Nach Brügge nun also hat es den Londoner Auftragsmörder Ray verschlagen, da bei einer seiner Unternehmungen etwas schief gegangen und nun erst einmal ein großes Füßestillhalten das Gebot der Stunde ist. Und was könnte eine größere Antithese zur Unterwelt der britischen Hauptstadt sein als der belgisch-beschauliche Touristenmagnet. Colin Farrell bietet die Rolle endlich mal wieder die Möglichkeit, auf seine Wurzeln zurückzugreifen, weshalb es keinerlei Schwierigkeiten macht, ihm den kulturbanausigen Bloke abzunehmen, dessen einzige Sorge zunächst die Sicherung des abendlichen Kneipenbesuchs ist.

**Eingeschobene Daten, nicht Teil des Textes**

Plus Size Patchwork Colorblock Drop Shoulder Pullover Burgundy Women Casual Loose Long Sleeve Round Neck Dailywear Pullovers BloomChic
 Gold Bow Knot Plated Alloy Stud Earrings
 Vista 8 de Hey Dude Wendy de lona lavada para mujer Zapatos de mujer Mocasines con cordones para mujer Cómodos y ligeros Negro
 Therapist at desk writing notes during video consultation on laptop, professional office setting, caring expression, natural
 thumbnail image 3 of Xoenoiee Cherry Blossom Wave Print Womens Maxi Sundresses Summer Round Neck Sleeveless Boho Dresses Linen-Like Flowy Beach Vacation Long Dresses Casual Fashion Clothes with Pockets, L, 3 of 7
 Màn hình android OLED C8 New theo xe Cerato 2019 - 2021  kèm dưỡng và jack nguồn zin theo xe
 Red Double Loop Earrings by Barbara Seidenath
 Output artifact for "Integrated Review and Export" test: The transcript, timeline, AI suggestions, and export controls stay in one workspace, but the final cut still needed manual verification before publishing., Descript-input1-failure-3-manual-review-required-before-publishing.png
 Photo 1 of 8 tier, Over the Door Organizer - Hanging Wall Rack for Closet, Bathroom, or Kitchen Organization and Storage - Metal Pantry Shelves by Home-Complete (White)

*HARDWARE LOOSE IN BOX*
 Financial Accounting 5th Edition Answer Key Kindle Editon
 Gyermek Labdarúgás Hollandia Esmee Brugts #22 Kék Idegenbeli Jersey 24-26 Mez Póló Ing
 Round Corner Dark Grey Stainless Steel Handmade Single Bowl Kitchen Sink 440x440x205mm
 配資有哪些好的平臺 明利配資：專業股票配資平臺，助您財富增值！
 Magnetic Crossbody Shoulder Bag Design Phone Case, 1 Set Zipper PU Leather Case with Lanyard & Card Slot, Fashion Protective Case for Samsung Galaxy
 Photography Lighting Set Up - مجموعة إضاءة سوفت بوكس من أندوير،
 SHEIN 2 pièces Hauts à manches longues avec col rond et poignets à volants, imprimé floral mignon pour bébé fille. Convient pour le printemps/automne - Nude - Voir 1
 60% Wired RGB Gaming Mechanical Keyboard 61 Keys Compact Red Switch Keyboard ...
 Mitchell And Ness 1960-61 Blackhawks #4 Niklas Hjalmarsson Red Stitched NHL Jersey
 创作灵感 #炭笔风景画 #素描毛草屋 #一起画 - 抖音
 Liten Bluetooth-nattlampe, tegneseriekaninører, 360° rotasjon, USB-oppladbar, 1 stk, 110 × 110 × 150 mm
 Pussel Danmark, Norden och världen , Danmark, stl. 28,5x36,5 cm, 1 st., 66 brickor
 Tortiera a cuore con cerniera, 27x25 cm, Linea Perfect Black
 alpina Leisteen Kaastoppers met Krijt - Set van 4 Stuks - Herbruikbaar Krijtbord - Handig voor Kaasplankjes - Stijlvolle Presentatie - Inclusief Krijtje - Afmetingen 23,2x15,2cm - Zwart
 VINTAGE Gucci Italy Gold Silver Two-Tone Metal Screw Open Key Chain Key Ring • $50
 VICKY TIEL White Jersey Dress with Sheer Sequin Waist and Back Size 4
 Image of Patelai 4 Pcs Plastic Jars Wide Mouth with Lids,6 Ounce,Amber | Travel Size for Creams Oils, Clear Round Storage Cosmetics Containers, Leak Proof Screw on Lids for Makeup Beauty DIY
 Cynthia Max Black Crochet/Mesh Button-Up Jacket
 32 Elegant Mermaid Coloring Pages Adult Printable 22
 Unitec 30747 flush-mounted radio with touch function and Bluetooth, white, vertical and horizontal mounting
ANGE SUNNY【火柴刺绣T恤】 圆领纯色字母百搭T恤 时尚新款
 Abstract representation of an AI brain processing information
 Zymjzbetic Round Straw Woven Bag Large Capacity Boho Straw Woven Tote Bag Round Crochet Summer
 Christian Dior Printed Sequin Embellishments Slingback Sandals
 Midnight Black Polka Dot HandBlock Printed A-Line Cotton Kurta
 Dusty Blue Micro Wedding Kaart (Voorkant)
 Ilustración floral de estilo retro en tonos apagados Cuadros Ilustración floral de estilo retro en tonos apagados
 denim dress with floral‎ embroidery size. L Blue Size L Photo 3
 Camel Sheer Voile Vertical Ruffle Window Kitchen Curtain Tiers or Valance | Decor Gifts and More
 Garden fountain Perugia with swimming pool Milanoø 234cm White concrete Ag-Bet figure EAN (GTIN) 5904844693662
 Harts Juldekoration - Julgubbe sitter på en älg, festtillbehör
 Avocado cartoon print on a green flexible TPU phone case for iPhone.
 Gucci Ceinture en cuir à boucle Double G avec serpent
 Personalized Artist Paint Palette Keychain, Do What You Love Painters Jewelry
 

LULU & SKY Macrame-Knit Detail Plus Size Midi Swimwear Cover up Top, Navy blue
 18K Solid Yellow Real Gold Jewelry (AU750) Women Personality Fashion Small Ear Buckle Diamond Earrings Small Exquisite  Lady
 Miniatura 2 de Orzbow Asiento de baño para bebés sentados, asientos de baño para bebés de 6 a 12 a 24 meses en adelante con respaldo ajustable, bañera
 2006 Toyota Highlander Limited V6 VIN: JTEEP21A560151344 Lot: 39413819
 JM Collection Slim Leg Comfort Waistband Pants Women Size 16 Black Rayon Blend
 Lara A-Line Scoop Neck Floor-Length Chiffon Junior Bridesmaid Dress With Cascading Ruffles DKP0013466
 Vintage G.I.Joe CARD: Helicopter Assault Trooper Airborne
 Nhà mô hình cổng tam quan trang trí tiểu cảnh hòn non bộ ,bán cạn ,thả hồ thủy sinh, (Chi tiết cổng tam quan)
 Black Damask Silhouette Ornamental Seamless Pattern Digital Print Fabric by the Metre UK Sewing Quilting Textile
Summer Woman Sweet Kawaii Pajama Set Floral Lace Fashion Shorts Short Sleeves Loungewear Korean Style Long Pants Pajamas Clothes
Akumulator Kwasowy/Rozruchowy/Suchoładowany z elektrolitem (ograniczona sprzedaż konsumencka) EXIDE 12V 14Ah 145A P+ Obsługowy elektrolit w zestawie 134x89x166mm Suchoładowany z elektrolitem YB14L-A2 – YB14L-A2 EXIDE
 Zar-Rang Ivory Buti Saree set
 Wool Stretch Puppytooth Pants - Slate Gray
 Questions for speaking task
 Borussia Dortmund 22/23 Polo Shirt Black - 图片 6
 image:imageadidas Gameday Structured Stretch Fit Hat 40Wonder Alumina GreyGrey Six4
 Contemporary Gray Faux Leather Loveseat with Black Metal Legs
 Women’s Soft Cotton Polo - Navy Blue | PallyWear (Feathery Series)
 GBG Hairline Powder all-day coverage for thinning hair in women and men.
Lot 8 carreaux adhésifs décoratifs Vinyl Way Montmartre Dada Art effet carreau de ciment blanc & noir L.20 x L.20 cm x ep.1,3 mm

Begleitet wird er von seinem etwas älteren und ergo auch welterfahreneren Arbeitskollegen Ken (der wunderbare Brendan Gleeson), der als eine Art bierbäuchige und vor allem wohlmeinende Gouvernante ein durchaus nötiges Auge auf den guten Ray wirft, der, aus gutem Grund, wie sich herausstellt, doch arg durch den Wind ist. Da die beiden zunächst bis auf das Warten auf einen Anruf vom Vorgesetzten aus London und vor allem einem unauffälligen Verhalten nicht viel zu tun haben, werden zunächst einmal die Möglichkeiten dieser Konstellation auf das Großartigste durchagiert.